# YOUR GOAL:
Because the copy must hold no pictures, return the data below with all of its words intact.

# COLLECTED MATERIAL:
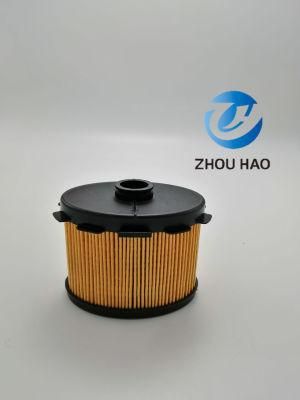 Favorable Price 190648 /PU1021X \190649c China Factory Auto Parts for Oil Filter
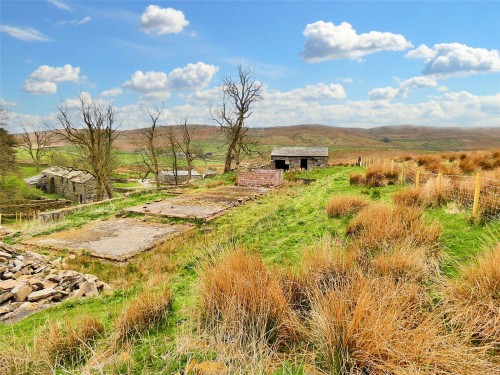 Arrange a viewing for Lunds, Cumbria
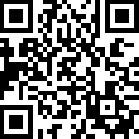 萤石云视频监控下载手机版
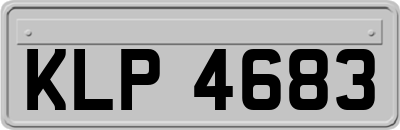 KLP4683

# SOLUTION TO THIS PROBLEM:
 Favorable Price 190648 /PU1021X \190649c China Factory Auto Parts for Oil Filter
 Arrange a viewing for Lunds, Cumbria
 萤石云视频监控下载手机版
 KLP4683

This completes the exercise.